SEOUL, Oct 24 (Reuters) – North Korea’s recent ballistic missile tests were “concerning and counterproductive” for efforts to reduce tensions, and Pyongyang should instead engage in talks, the US envoy for North Korea said on Sunday.
Speaking to reporters after meeting with his South Korean counterpart in Seoul, Special Representative Sung Kim said the United States is committed to exploring “sustained and substantive diplomacy” with North Korea.
“Our goal remains the complete denuclearization of the Korean peninsula,” Kim said. “That’s why Pyongyang’s recent ballistic missile test, one of several in the past six weeks, is concerning and counterproductive to making progress toward a lasting peace on the Korean peninsula.”
Pyongyang so far has rejected US overtures, accusing Washington and Seoul of talking diplomacy while ratcheting up tensions with their own military activities.
On Thursday, the North said the United States was overreacting to a submarine-launched ballistic missile test that it called self-defensive, and questioned the sincerity of Washington’s offers of talks, warning of consequences.
That launch violated multiple United Nations Security Council resolutions and poses a threat to North Korea’s neighbours and the international community, Kim said.
“We call on the DPRK to cease these provocations and other destabilising activities and instead engage in dialogue,” he said, using the initials of North Korea’s official name. “We remain ready to meet with DPRK without preconditions and we have made clear that the United States harbours no hostile intent toward DPRK.”

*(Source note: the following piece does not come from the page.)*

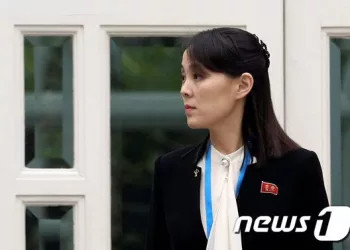 김여정 “美 정찰기, 우리 영공 침범했다”…北, 이례적 ‘민감 대응’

South Korean nuclear envoy Noh Kyu-duk said Sunday’s talks with Kim had included “serious” discussion of Seoul’s proposal to formally declare an end to the state of war that has technically existed since the 1950-1953 Korean War ended in an armistice rather than a peace treaty.
South Korean officials see such a declaration as a gesture of goodwill to get talks started.
Kim said Washington was discussing ways to make progress with North Korea, including the South’s end-of-war proposal and possible humanitarian aid projects.